> [Work item]: Retype only the lines below from the one with "El.Brown』と『ART" to the one with "步入式恒溫恒溫試驗(yàn)室 步入式恒溫恒溫試驗(yàn)室", inclusive, skipping every image.

> [Data for processing]:
◆ ◆ ◆ ◆ ◆
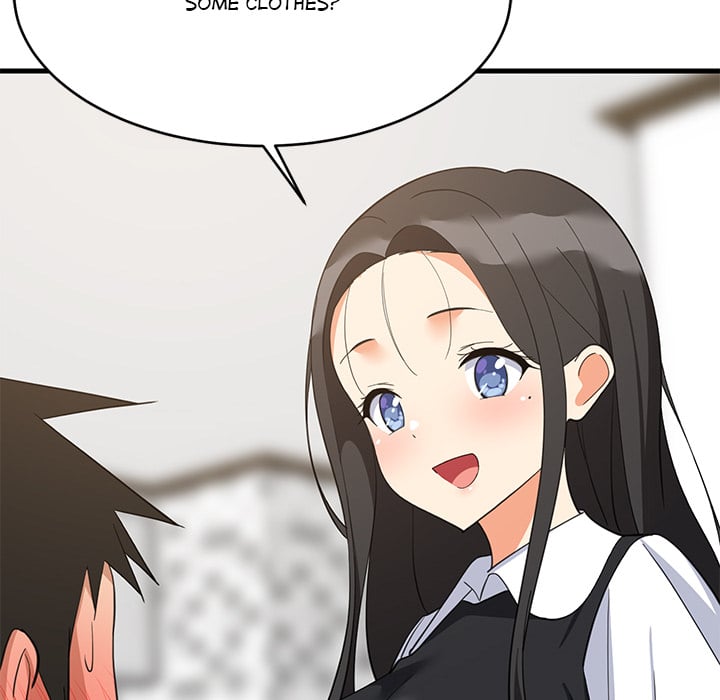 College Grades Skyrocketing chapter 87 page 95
◆ ◆ ◆ ◆ ◆
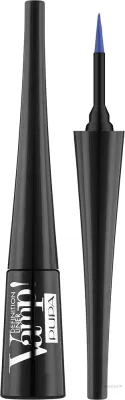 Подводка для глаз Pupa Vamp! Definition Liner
◆ ◆ ◆ ◆ ◆
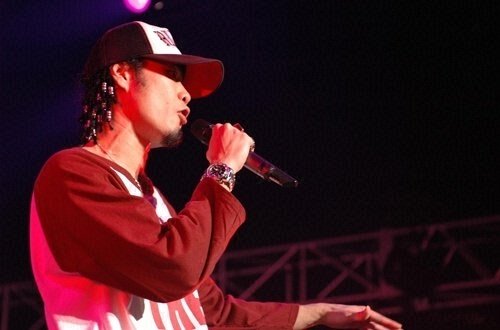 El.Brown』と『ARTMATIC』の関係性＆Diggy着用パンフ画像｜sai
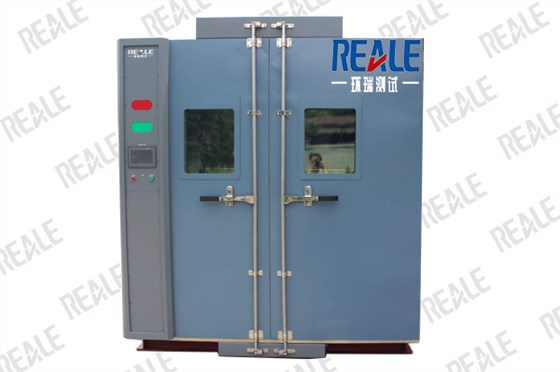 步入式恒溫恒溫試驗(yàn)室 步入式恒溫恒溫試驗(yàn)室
◆ ◆ ◆ ◆ ◆
> [Task result]:
 El.Brown』と『ARTMATIC』の関係性＆Diggy着用パンフ画像｜sai
 步入式恒溫恒溫試驗(yàn)室 步入式恒溫恒溫試驗(yàn)室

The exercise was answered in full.